▶ [PROBLEM STATEMENT] All lines in the records below from the line with "a window with" through the line with "CHANEL vintage brooch" are to be given again exactly, both ends included; the pictures are to be left out.

[Saved data entries]
___

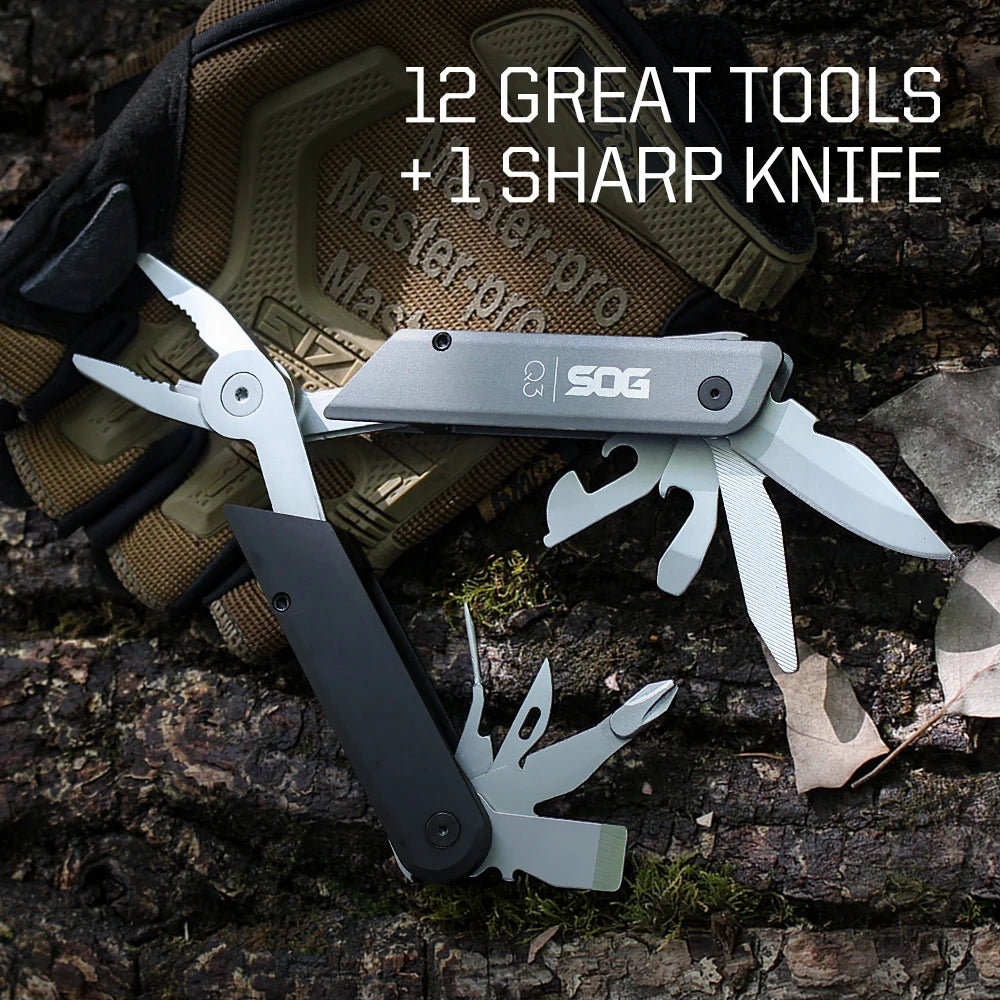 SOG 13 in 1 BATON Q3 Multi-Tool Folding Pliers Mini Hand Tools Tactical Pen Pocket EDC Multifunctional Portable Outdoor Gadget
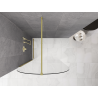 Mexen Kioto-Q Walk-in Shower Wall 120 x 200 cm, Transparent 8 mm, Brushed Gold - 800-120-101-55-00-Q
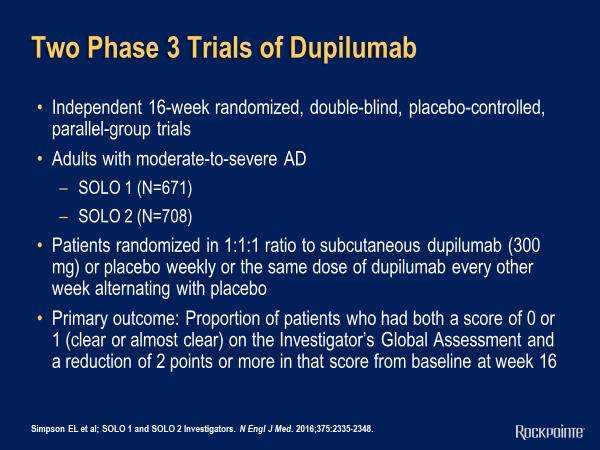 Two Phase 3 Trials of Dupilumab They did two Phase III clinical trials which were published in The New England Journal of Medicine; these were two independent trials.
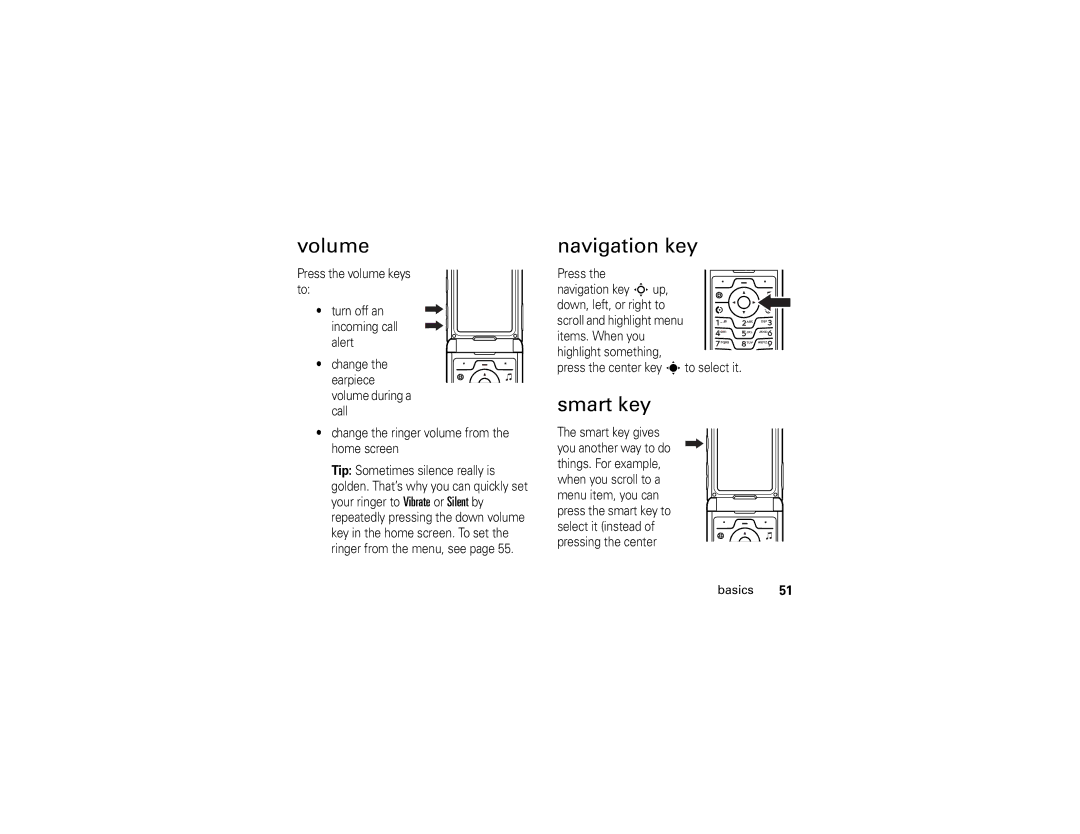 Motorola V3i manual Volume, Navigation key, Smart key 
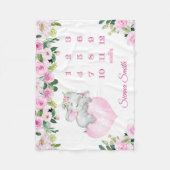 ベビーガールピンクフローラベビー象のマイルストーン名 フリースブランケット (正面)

___

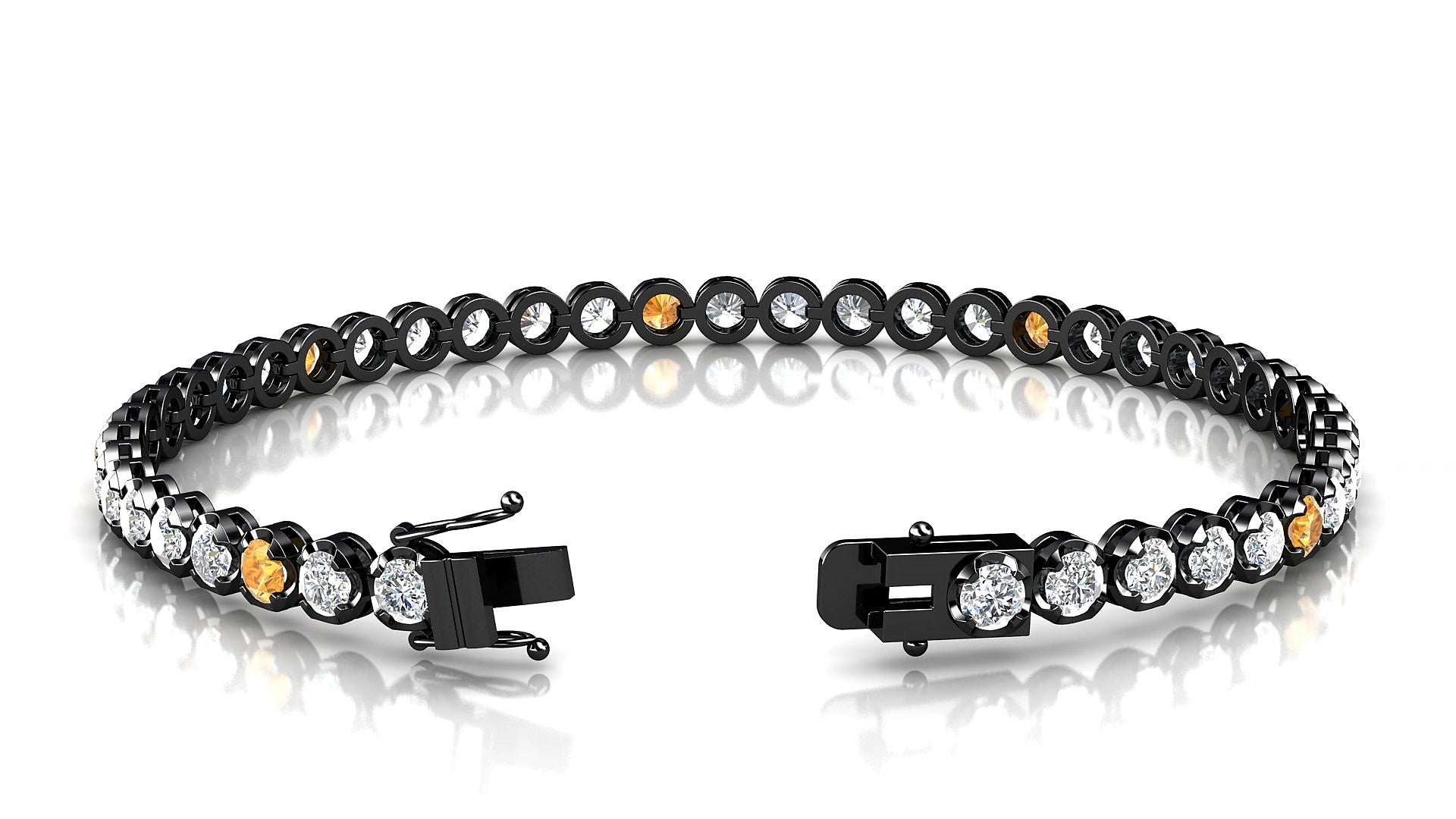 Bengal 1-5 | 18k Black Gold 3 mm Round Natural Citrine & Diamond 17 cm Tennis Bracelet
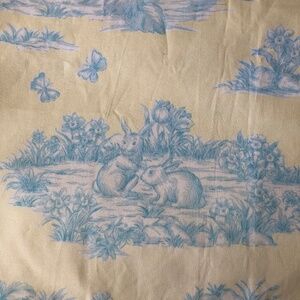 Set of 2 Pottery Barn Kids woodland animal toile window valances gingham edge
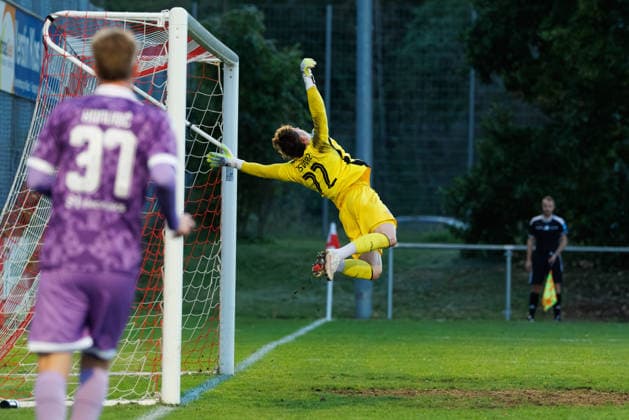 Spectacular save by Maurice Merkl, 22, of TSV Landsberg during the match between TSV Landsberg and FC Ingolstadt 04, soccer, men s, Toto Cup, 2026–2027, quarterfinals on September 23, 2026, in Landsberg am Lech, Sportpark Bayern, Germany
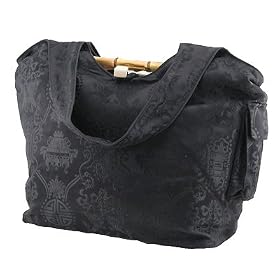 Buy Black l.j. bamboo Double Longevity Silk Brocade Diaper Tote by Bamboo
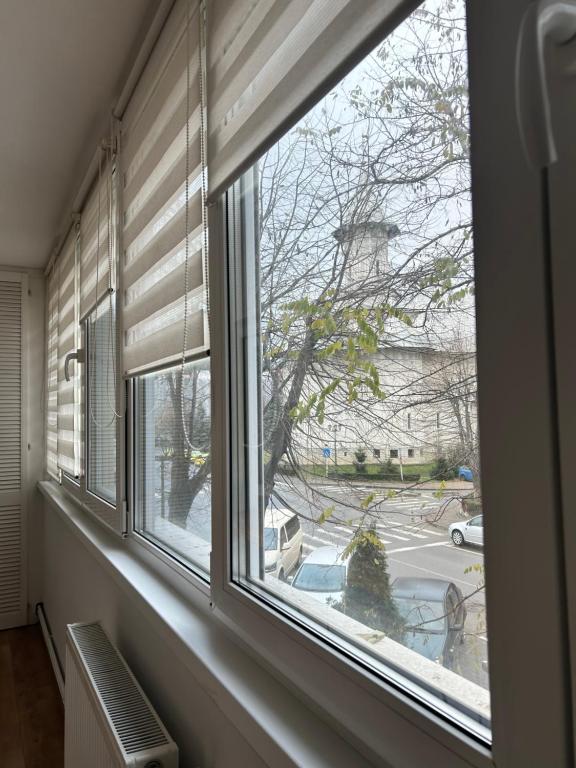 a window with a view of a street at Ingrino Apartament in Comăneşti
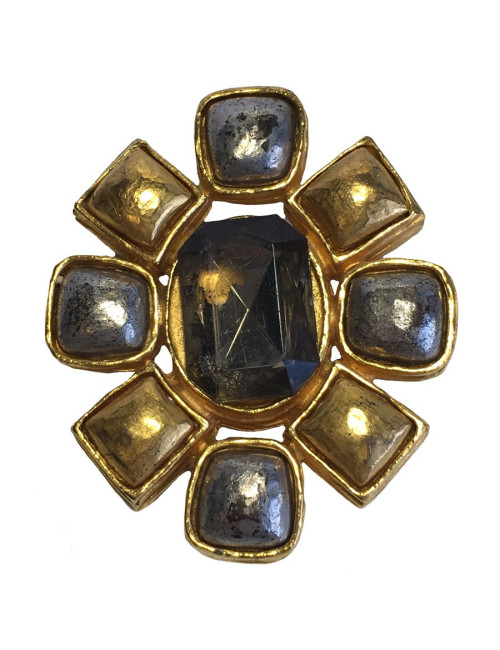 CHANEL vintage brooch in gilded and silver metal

___

▶ [SOLUTION FOR THIS EXERCISE]
 a window with a view of a street at Ingrino Apartament in Comăneşti
 CHANEL vintage brooch in gilded and silver metal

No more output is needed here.